Right after a first read, the intelligent reader notice that the extract can be divided into three sequences:
- The first consist of the introduction of the setting (Basil’s studio) and of Lord Henry Wotton: it opens in the London studio of Basil Hallward, an artist. With him there is Lord Henry Wotton, who is reclining and smoking a cigarette.
- The second is represented by the presentation of Basil’s work, Dorian Gray’s portrait: Basil is finishing painting a portrait of "a young man of extraordinary personal beauty".
- The last one is a dialogue/discussion between Wotton and Hallward: Lord Henry praises the portrait as the best work that Basil has done and tries to convince him to show it at the Grosvenor. To Lord Henry's surprise, Basil states that he will not show it anywhere because "I have put too much of myself in it".
As you can see from this extract, the first chapter introduces two of the major characters of the book, and the reader learns a good deal about them.
Basil is an artist of apparently independent means. He is secretive, and the narrator even mentions that Basil has disappeared without notice in the past. In addition, the distinctive toss of his head, the one that "used to make his friends laugh at him at Oxford," characterizes Basil as someone who is thought of as an odd, yet endearing, fellow.
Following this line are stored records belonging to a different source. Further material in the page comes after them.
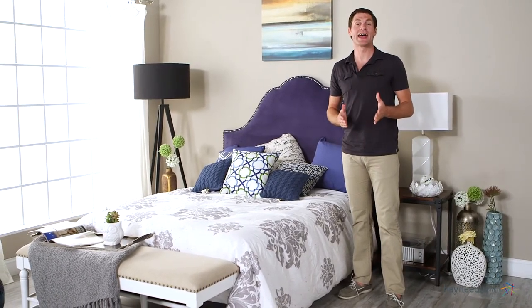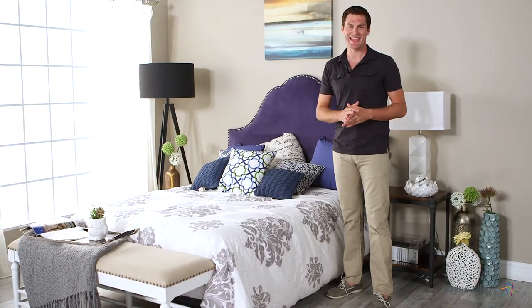Hi, I'm Mark with Hayneedle. The Skyline Arch Nail Button Headboard can add a modern elegance to any bedroom, so let's take a quick look at this unique accent.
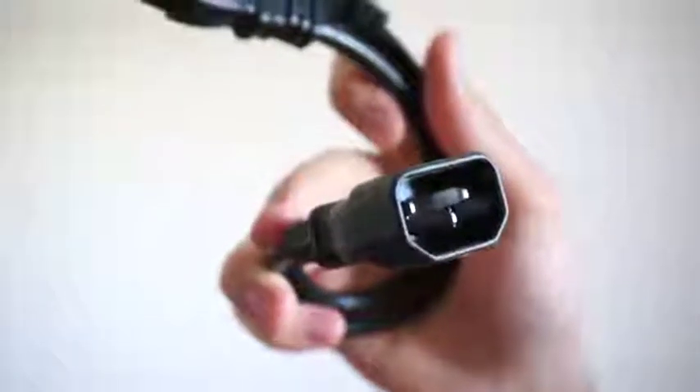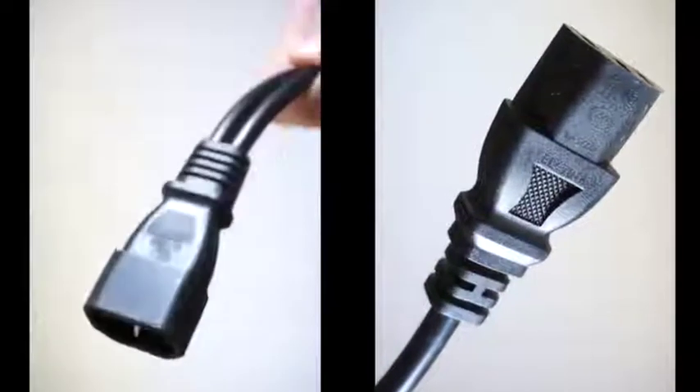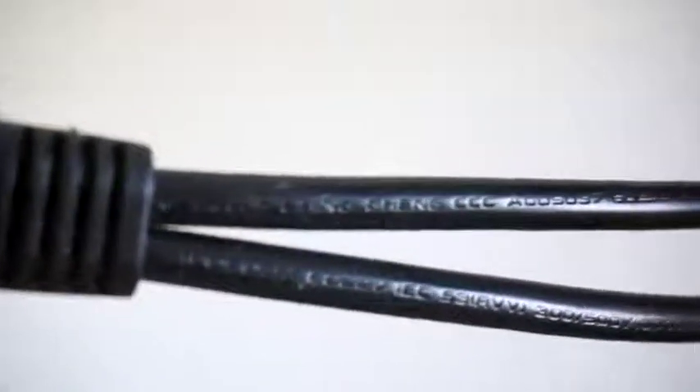This is the Okavi Y Power Splitter. It has two female and one male end, connected by flexible reinforced joints. It's a simple and functional product with a solid build.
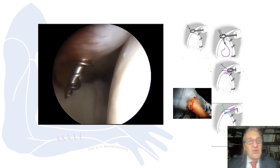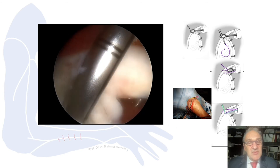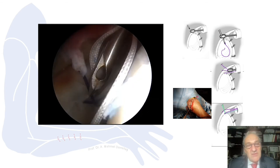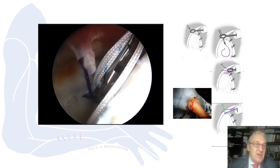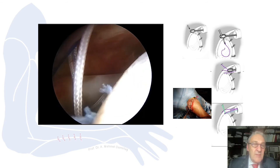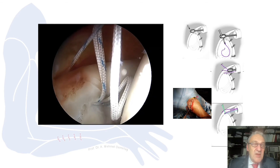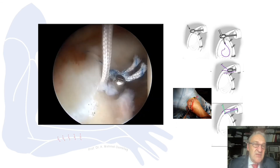Then we place the anchors. I use the Wilmington portal for the anchors because it is safer when approaching at a higher angle. Now we have the sutures and we perform the same technique, using the PDS as a shuttle to make the first knot. As a suture shuttle, PDS is very comfortable and very safe.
The other main character introduced is Lord Henry Wotton, a very intelligent and manipulative man. He smokes “opium-tainted” cigarettes and has a commanding presence no matter where he is or whom he socializes with. He is very judgmental and enjoys sounding profound (“The Academy is too large and too vulgar. Whenever I have gone there, there have been either so many people that I have not been able to see the pictures, which was dreadful, or so many pictures that I have not been able to see the people, which was worse. The Grosvenor is really the only place”).